Collection of short stories including View to a Kill, For Your Eyes Only, Hillebrand Rarity,  Risico, and of course Quantum of Solace.  Personally I think the movie poster from For Your Eyes Only was far and away the best 007 movie poster!  Most movies have nothing to do with the books Fleming wrote and admittedly the stories don't make great movies.  The character seems to have developed a persona all its own based on very little from what Fleming meant for the character.  Anyway always interesting and a bit intriguing to read the real character.





11.05.2008

Haiku Wednesday

Duty

Your moral compass
Commitment to higher cause
Do acts of greatness

11.04.2008

Yes We Can!

Wow!  A defining moment in American History.  The ascension of a black man to the America's highest office when only 50 years ago black people were still considered second class citizens.  In my own timeline I can think of only 2 other times when the sheer emotions of the moment overwhelmed me (Destruction of the space shuttle Columbia and 9-11).  Thankfully for this night it was emotion of joy and expectation.  Joy that we are moving beyond the last 8 years of fear and indecision and expectation that tomorrow my kids have a brighter outlook and live in a world where once again America is a place where anything can happen.  A place that shows the world we are still a beacon of hope and that democracy can work when given the chance.

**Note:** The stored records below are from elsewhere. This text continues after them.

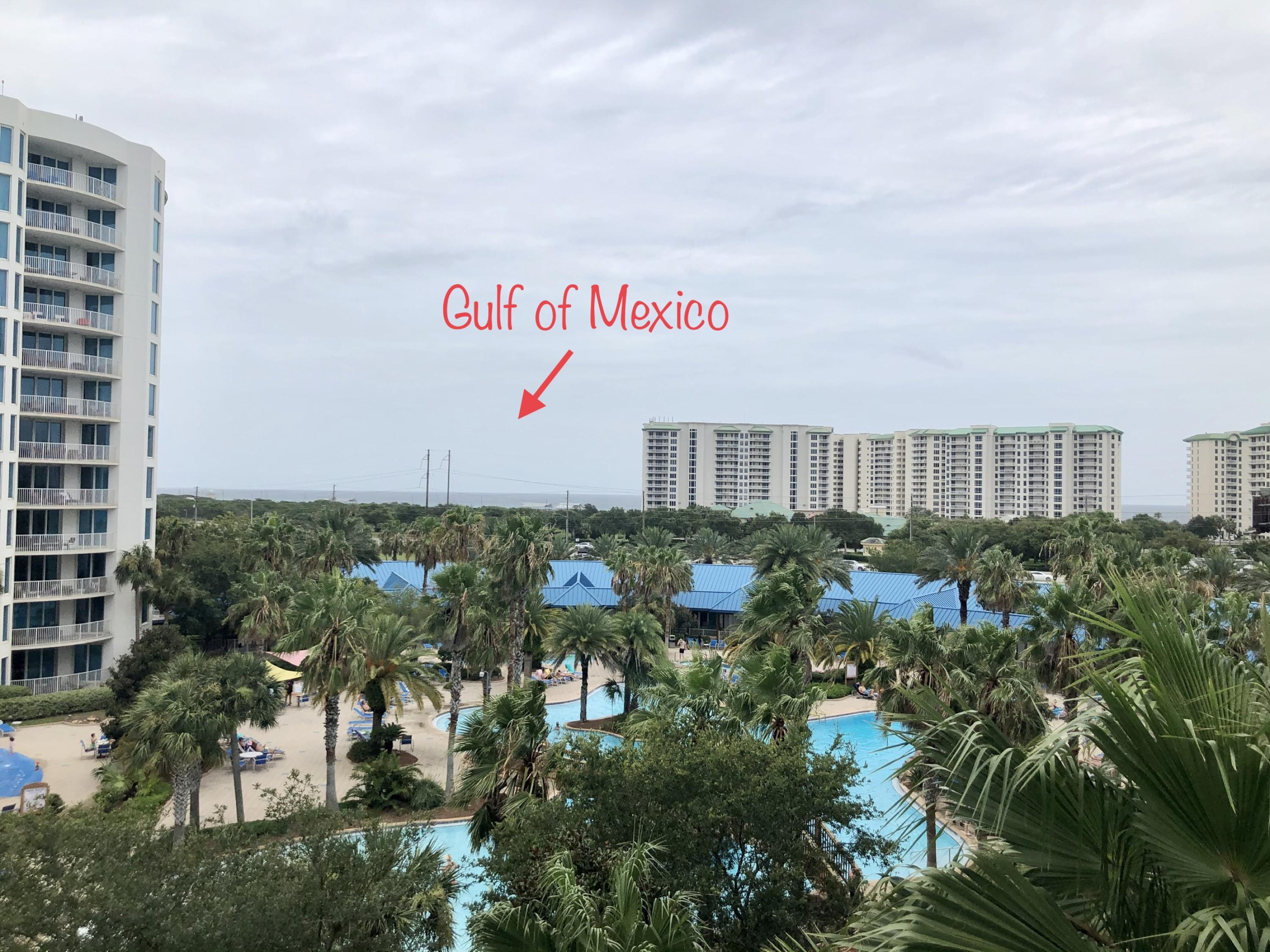 THE PALMS OF DESTIN RESORT & CONFERENCE CENTER - Residential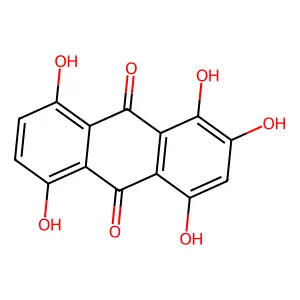 媒介蓝50 structure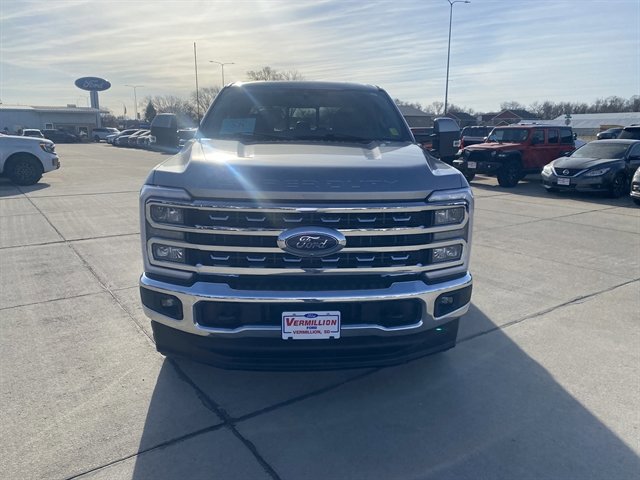 Certified 2023 Ford F350 Lariat AWD/4WD image 8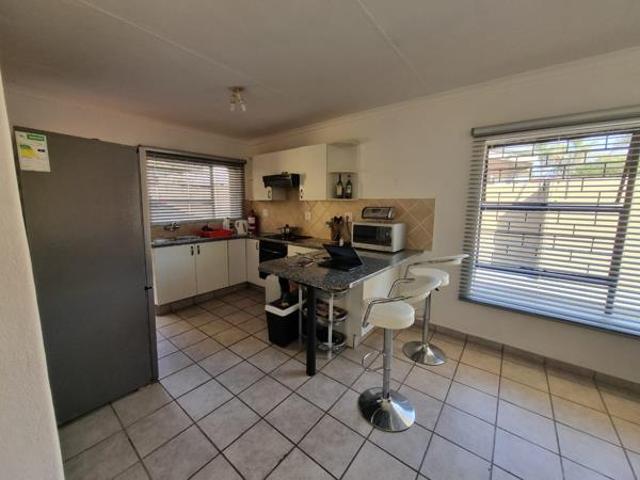 2 Bedroom Townhouse in Polokwane Central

Certainly we can celebrate today but a daunting reality will face our new President come January.  Trust in our country and the world needs to be returned.  Perhaps sacrifices will have to be made.  Can America move beyond the pettiness of electoral differences and get behind one man?  For the benefit of the country and the world?  Is sacrifice even in our vocabulary anymore?  It is easy to vote for change but are you willing to change your behavior?    There is a small 2 year window on this experiment of change.  If progress is not made and fear continues to grip the populace I think we begin to go back to where we came from.  We must be positive, we must hope, but ultimately we must do....and doing is always the hardest part (I think Yoda might have said it best...).

11.03.2008

Rox Talk

Back in June I was playing around with a stat I called Total Base Plus.  See the below link for my early definition of such a stat.  


Since then I read Alan Schwarz - The Numbers Game and realized my little exercise on total bases was put to use in 1915 by Travis Hoke, who rated players by counting the number of bases their hits accounted for, not just for themselves but the advancement of any base runner!  So perhaps instead of calling it Total Base Plus perhaps I should call it Total Hoke's or TH.  Either way in my efforts to determine total bases I realized there was no good way to determine advancement of a runner.  Easiest stat to try and determine an estimate of this would be the RBI.  Although RBI doesn't account for a batter getting a single and moving a batter into scoring position thus allowing the following batter the ability to hit a single and get this RBI.  So with my early estimate I used a value of 2 bases per RBI.  For 2008 I decided to calculate in actual
 number for the Rockies this year.  I used the following table.  Obviously a runner on third and with an RBI obtained then the batter gets one base.  Bases loaded home run would give the batter 6 total bases (note the HR gives an RBI to the batter but is already counted in the HR total so the four bases are not counted in the RBI).
So what does the 2008 Roxs look like:

So on average a RBI is worth 1.75 total bases.  So Atkins who had 99 RBIs (78 actual ones) got a total of 146 total bases or an average of 1.87 bases per RBI.  Not for sure what the rate really means.  If you look on the low end it is mostly pitchers and single hitters.  Anyway that is that.  In addition to this you can also rate the pitchers the same way.  One thing I don't do is give bases to pitchers who left a man on then was relieved for another pitcher.  My way of thinking is that pitcher gave up the hit which allowed the RBI so the bases would go to the reliever.